Winona Health's Community Care Network reaches at-risk residents

AHA News

Minnesota City resident Tom Ailing’s life turned around when he joined Winona (Minn.) Health’s Community Care Network (CCN) program three years ago.

The 64-year-old retiree suffers from diabetes, chronic obstructive pulmonary disease (COPD) and neuropathy – illnesses that used to send him to the hospital’s emergency department (ED) as often as four times a month.

“I used to get pneumonia and COPD attacks all the time and end up in the hospital,” says Ailing, who lives with his black lab Tommy Boy. He says the ED bills added up, and it was stressful and depressing to be sick so frequently.

But Winona Health’s CCN program helped Ailing manage his health conditions and stay healthy at home. The program trains volunteers from Winona State University to be health coaches who make weekly visits to the homes of patients like Ailing. They visit not to measure blood pressure or manage medications, but to offer company, comfort and a listening ear. 

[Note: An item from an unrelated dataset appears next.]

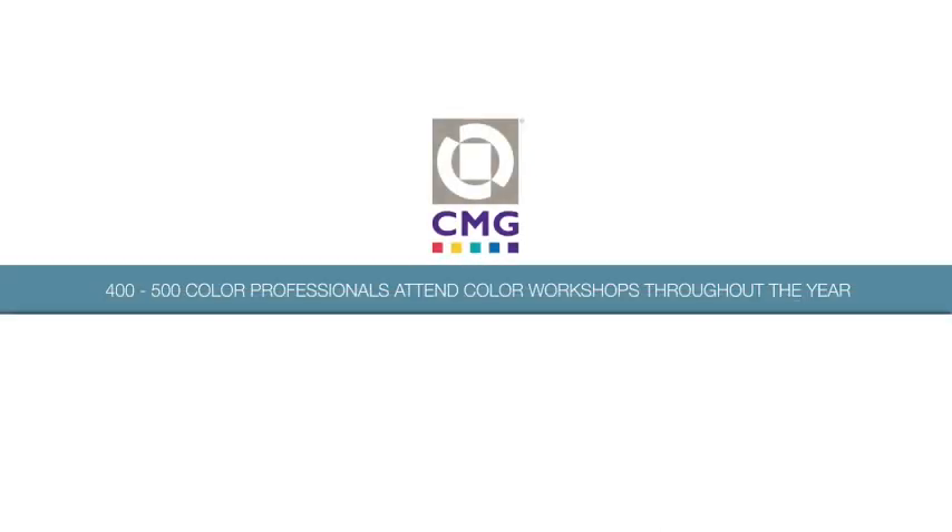Where does color forecasting begin? That can be a daunting task. Companies are always trying to introduce new looks to their product. So we at Color Marketing try to bring all these professionals in all those areas of manufacturing and their expertise. We bring them together on a regular basis.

Ailing has been to the hospital only once since enrolling in CCN. He exercises twice a week at Winona Health’s fitness center and sees his doctor for regular checkups. He’s cut his blood pressure in half since joining the program, and says he’s never felt healthier.

“I would be dead without it,” he says. “It’s a great program. I wish I had it years ago.”   

Winona Health launched CCN in 2013 to help patients with chronic illnesses stay healthy and avoid emergencies that can become costly for both the patient and hospital.

Patients at risk for frequent hospital admissions are referred to the free program. “We want to put them back in the drivers seat of their health,” says Winona Health social worker Cassie Boddy, one of Ailing’s original health coaches and a CCN coordinator. For many isolated elderly patients, the coaches are a “familiar face” who help them connect to community organizations or work with them on a plan to start exercising and eat healthier foods.

“When we see the same patient coming back for readmission for ED visits on some level of frequency, something’s happening that we don’t know about,” observes Winona Health President and CEO Rachelle Schultz. “This initiative allows us to see what’s broken outside our walls.”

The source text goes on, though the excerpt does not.